Geçen hafta Cuma Günü “son zamanlardaki en tatsız haftayı geride bırakıyoruz” diye yazmıştım sabah raporuna. Acele etmiştim. Bu hafta, geçen haftadan daha beter bir haftaydı çünkü.
Trump’ın durup dururken dünyanı meşgul edecek bir başka konu bulması elbette bu haftanın en çarpıcı gelişmesiydi. Sayesinde uzun zamandır birbirleriyle görüşmeyen taraflar, telefon trafiği oluşturdular. Örneğin, Dün Cumhurbaşkanı Erdoğan oldukça sık görüştüğü Putin’den sonra, Papa’yla bile görüştü.
Bu ne demek oluyor ? Kimin haklı kimin haksız olduğu belli olmayan konularda çatışan taraflar, Trump’ın büyük bri yanlış yaptığında hem fikir olmuşlar demek oluyor. Demek ki bazı davranışlar tüm tarafların lanetlemesine maruz kalabiliyor. Bu oldukça umut verici bir gelişme. “Keşke bu yanlışı ABD yapmasaydı” diyenler var, biliyorum. Ancak, başka bir ülke yapsaydı bu sorumsuzluğu, sanıyorum bu kadar ses çıkmazdı.

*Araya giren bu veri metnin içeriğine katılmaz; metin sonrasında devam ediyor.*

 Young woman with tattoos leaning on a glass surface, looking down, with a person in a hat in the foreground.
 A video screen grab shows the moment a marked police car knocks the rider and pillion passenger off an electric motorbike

Türkiye’ye dönersek: Herkes Merkez Bankası’dan 100 baz puanlık bir faiz artırımı bekliyor. Hatta bu fiyatlandı bile. Dolar/TL ve gösterge tahvilin faizindeki geri çekilmenin en önemli sebebi bu. Eğer bu beklenti gerçekleşmezse, bu sefer 4.00 seviyesini tahmin edilenden önce test edebiliriz.
Yine de faiz yükselmesinin döviz kurlarını uzun süre sakinleştirmesini beklememek lazım. Bizi yine dalgalı günler bekliyor.